La politica, in particolare di sinistra, dovrebbe avere il coraggio di esprimere e attuare con coerenza una visione chiara, di nuova democrazia urbana, egualitaria e redistributiva, nella mobilità delle città. Cioè, progressivamente, togliere spazio al traffico motorizzato, che detiene quasi ogni metro di strade e piazze, riducendo carreggiate e parcheggi, per restituirne finalmente un po’ a pedoni, ciclisti e trasporti pubblici, ampliando marciapiedi e isole pedonali, ricavando corsie ciclabili e per tram e bus. Non contro, ma per. Per una mobilità più umana.

Quella in cui dai veicoli si torna invece a mettere al centro le persone. E in cui si riequilibra in modo sostenibile il tasso di utilizzo dell’auto privata e tutte le altre modalità, a più basso impatto ambientale e a più alta efficienza nell’uso dello spazio scarso, facendo alla fine spostare e vivere meglio tutti. Per città più democratiche. Dove anche i cittadini che si muovono senz’auto hanno attenzione, diritti, spazio, sicurezza. Dove l’interesse generale, a un sistema di mobilità più equilibrato e funzionale al benessere della collettività, vale più dei singoli, abbattendo costi sociali, economici e ambientali.

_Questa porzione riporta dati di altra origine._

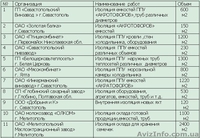 Внимание! Утепление кровли и мансард изнутри! Качественно и Быстро! - <ro>Изображение</ro><ru>Изображение</ru> #1, <ru>Объявление</ru> #977256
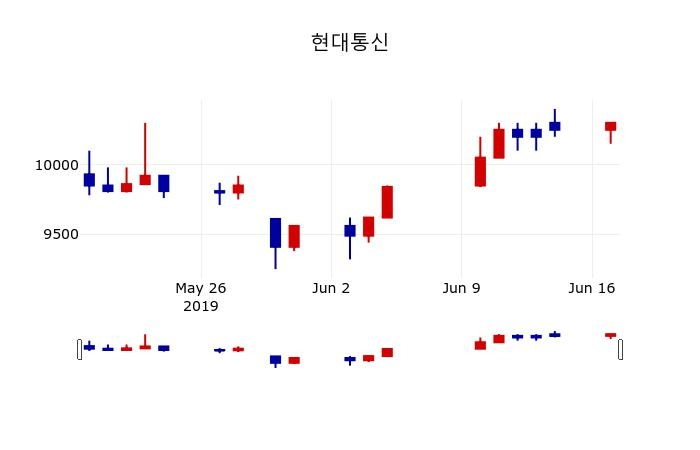 ▲지난 30영업일 동안 현대통신 주가변동정보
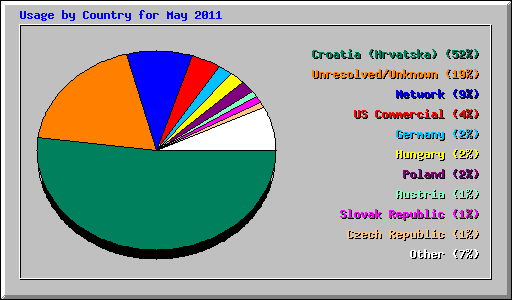 Usage by Country for May 2011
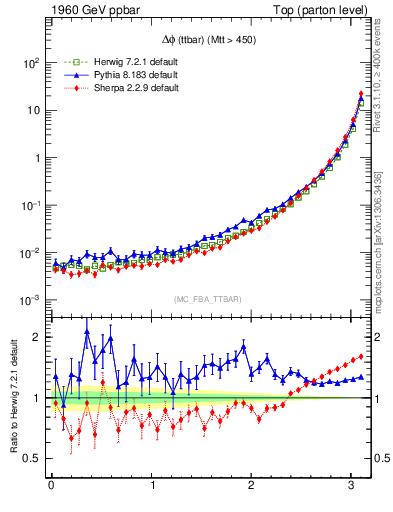 Plot of dphittbar in 1960 GeV ppbar collisions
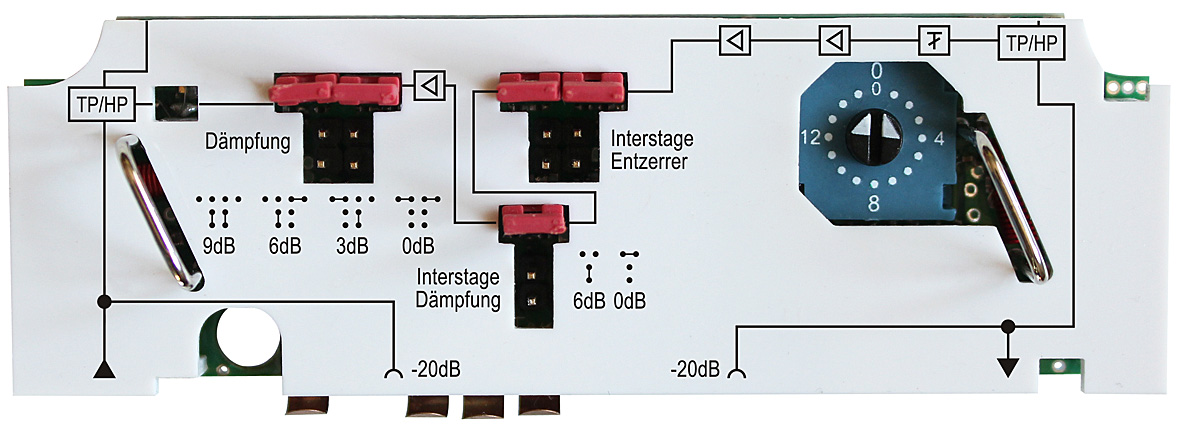 BZU 20-65 Rückkanalmodul | 5-65MHz | 30/24dB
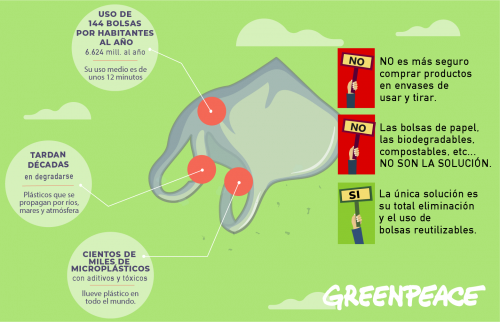 bolsas plástico como afecta al medio ambiente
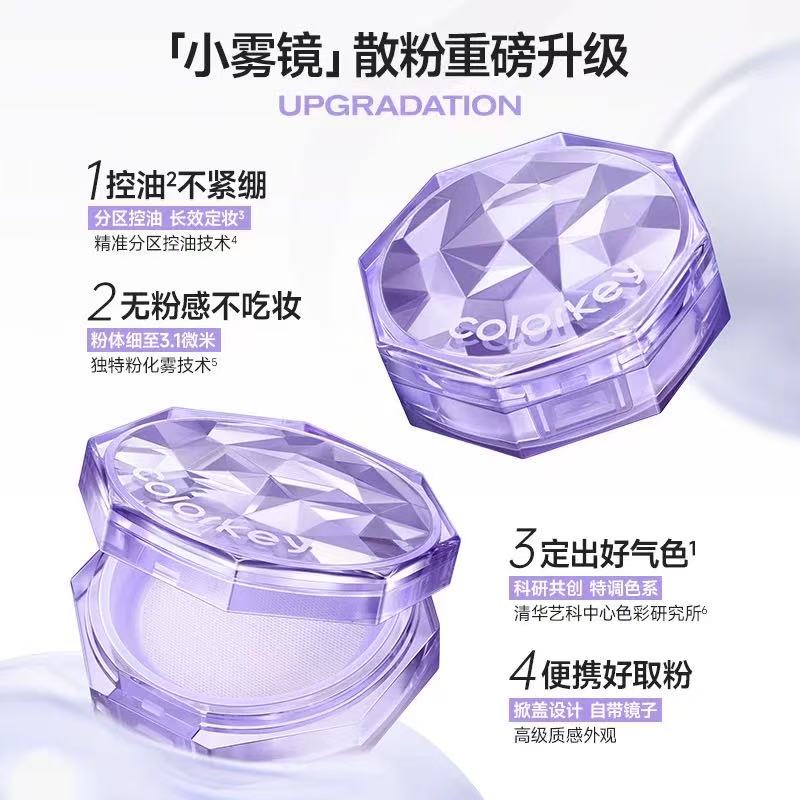 Colorkey 珂拉琪小雾镜散粉 控油持久定妆粉 哑光蜜粉|Colorkey "Little Mist Mirror" Loose Setting Powder, Oil Control Long-Lasting Matte Finishing Powder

E’ questa visione di fondo che ha guidato il mio impegno da assessore alla Mobilità di Bologna negli scorsi anni. Ma i passi in avanti importanti compiuti dalla città non sarebbero stati possibili senza un’inedita stagione di riconoscimento reciproco e collaborazione fra associazioni e Comune. La nascita della Consulta della bicicletta come organismo ufficiale è stata il simbolo e lo strumento di incontro fra rivendicazioni dal basso, maturate in progettualità, e volontà politica, decisa per una volta a orientare i tecnici e le risorse. E’ solo grazie a quest’alleanza che siamo riusciti a realizzare progetti decisivi per far fare uno scatto alla cultura e alla pratica della ciclabilità: infrastrutture, servizi, comunicazione. Come la «Tangenziale delle bici», l’anello di 10 km che ha messo in rete le piste esistenti, ma che, ancor più, insieme a Fiab e Legambiente, ci ha consentito di dare alle due ruote la dignità piena di mezzo di trasporto nell’immaginario collettivo. O la «Velostazione Dynamo», mille metri quadri di servizi per ciclisti urbani e cicloturisti, ma anche un suggestivo spazio pubblico per tutti, ideato e gestito da Salvaiciclisti, con cui abbiamo dimostrato che la bici è molto più che mobilità: è comunità, è economia.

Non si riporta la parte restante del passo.